Your buyer needs to work with you and remember you are not going to make yourself homeless for anybody! Getting an offer does not mean you have to accept it, so if you’re not in a rush, don’t worry - you can take your time when it comes to accepting an offer. However just be sure to be up front and honest so that you whoever is making an offer doesn’t get impatient and remove their offer all together.
Before you can market, your property the first thing you need to do is get an Energy Performance Certificate. This informs the buyers how energy efficient your property is and gives them an idea of the costs involved in terms of utilities for central heating and electricity. This is something your estate agent can arrange for you at a small extra cost, but if you already have one then all you need to do is supply your agent with your certificate.

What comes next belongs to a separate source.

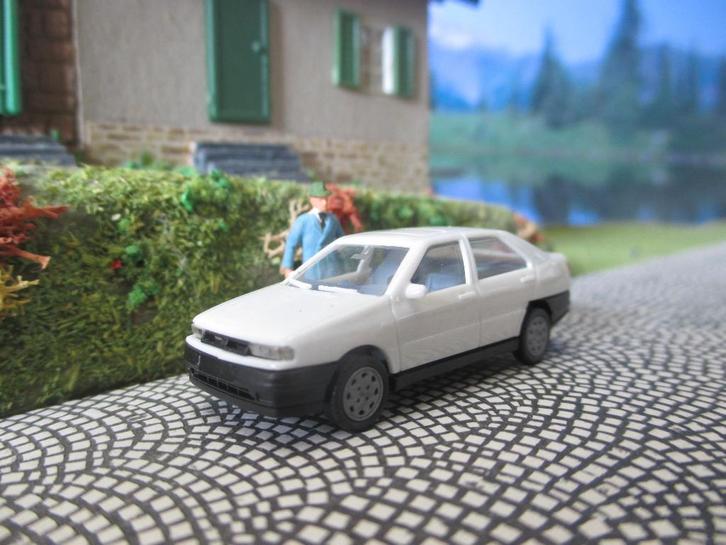 Seat Toledo - AWM wit, Hobby en Vrije tijd, Modelauto's | 1:87, Zo goed als nieuw, Auto, Rietze, Ophalen of Verzenden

Make sure you have all your paperwork in order and have a solicitor in mind that you know you can trust and is generally “on the ball” when it comes to dealing with contracts. A solicitor who is prepared and comes back to you quickly is always a good sign.
Ultimately once your home is “sale agreed”, it is the solicitors who will be doing the work; requesting deeds, property certificates and making sure that timelines are met. It is therefore key that you have a good relationship with them, and you trust them to get the job done efficiently.
It’s worth getting a number of quotes as solicitors fees may vary so consider shopping around to make this as cost effective as possible for you, but also that the service which they offer is competent and professional.
Once you have “sale agreed” on your property and the ball is well and truly rolling, you may come up against queries and obstacles, but do not be disheartened - this is unfortunately all part of the process! The usual timeframe from sale agreed until completion can range from anything between 8-16 weeks, so be patient and don’t worry - it will get there in the end!
Exchange and completion
Once all the queries have been met and the contracts are ready to be signed and exchanged, things become official. Your buyer pays their deposit and funds are arranged to be transferred, ready for completion. This is the moment you have all been working towards and it becomes legally binding.
All of that hard work and effort pays off and you can now frantically start packing and get the show on the road. You’re moving to a new house…Hooray!!